GIVEN DATA »
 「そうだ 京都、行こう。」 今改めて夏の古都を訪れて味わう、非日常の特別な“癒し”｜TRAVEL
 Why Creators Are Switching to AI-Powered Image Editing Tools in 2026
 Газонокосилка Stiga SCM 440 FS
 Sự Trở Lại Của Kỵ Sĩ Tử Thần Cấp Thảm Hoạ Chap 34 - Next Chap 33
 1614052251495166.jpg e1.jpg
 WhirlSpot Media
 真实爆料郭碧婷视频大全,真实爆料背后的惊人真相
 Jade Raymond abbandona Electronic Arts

--

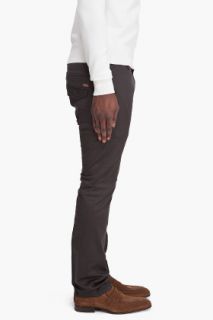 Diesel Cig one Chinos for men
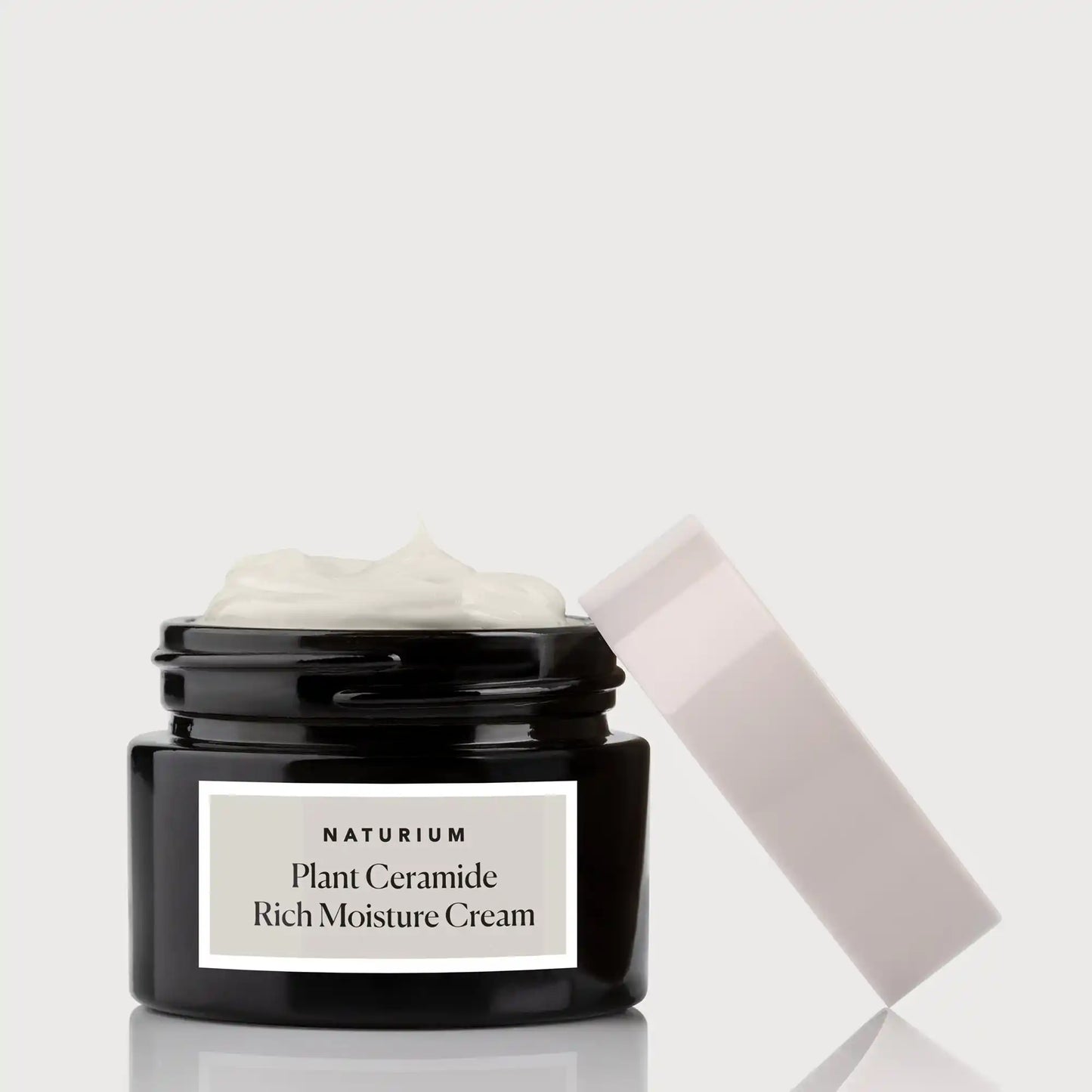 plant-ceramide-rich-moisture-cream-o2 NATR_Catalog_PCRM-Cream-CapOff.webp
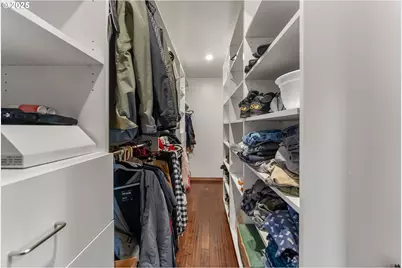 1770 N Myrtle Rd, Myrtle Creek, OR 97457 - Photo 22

TASK STATEMENT »
In the listing above, locate the line containing "Газонокосилка Stiga SCM 440 FS" and the line containing "Jade Raymond abbandona Electronic Arts". Transcribe those two lines and everything between them, exactly as written.

TASK ANSWER »
 Газонокосилка Stiga SCM 440 FS
 Sự Trở Lại Của Kỵ Sĩ Tử Thần Cấp Thảm Hoạ Chap 34 - Next Chap 33
 1614052251495166.jpg e1.jpg
 WhirlSpot Media
 真实爆料郭碧婷视频大全,真实爆料背后的惊人真相
 Jade Raymond abbandona Electronic Arts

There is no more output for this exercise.